Hello,
I was using Splunk to crawl my Apache logs and I found something rather odd analyzing the mean page size served. To better qualify this, I limited the search results to only lines that had a value for bytes served.
Splunk told me that I was serving a mean page size of 33.3 KB which is very reasonable and a range of 1-~5 MB. The standard deviation, however, was 217.9 KB.
This strikes me as odd because it means there's roughly a 44% probability [z(0) = -0.1526] that I'm serving a negative page size which is not possible especially given that I limited the data set to non-zero values. I understand it could be statistically possible, but I'd expect a pagesize of 0 to reside at least 2 standard deviations from the mean.
Any insights?
Making strong inferences like that about standard deviation only works when the data set follows the normal distribution. In cases like this where the data really doesnt follow a normal distribution at all, standard deviation becomes little more than a heuristic.
UPDATE:
if you want to look at the distribution yourself you can to to the 'Advanced Charting' view and run this search:
<your search> bytes=* | chart count over bytes bins=300
There are probably a significant number of outliers at a very high number of bytes, and that's what's skewing your distribution. On my system I have to throw in a term that says bytes<200000000
because I have enough outliers at the crazy-high end to completely throw off the chart.

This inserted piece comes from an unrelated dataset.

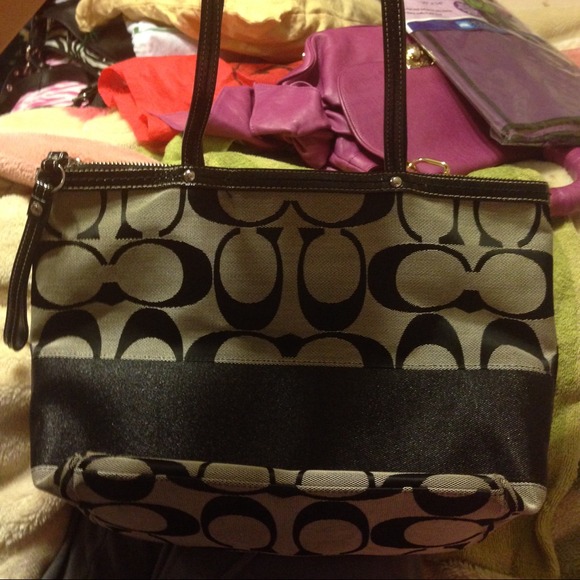 Authentic black coach tote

at any rate, unless the chart literally looks like the curve of normal distribution, ( http://www.google.com/search?q=normal+distribution&hl=en&rlz=1C1CHFX_enUS396US396&prmd=ivns&tbm=isch... ) then those probabilistic statements about standard deviation will not be 'true'. When applied outside of normally distributed data, actually quite a lot of common statistics lose their meaning.
Hi Nick,
I would expect this to be somewhat of a normal distribution (I failed to mention the range struck me as odd as well). The logs on which Splunk chewed are for the webserver only -- meaning only HTML (and headers for redirects, 404s, etc) are being served. We use Amazon CloudFront to distribute static assets including images, video, scripts, and stylesheets. The CDN origin logs to a different file and I did not import the origin logfiles to avoid skewing the data.
The one-week logfile contained more than 1.5m lines and is the very reason I've never tried to analyze this by hand 🙂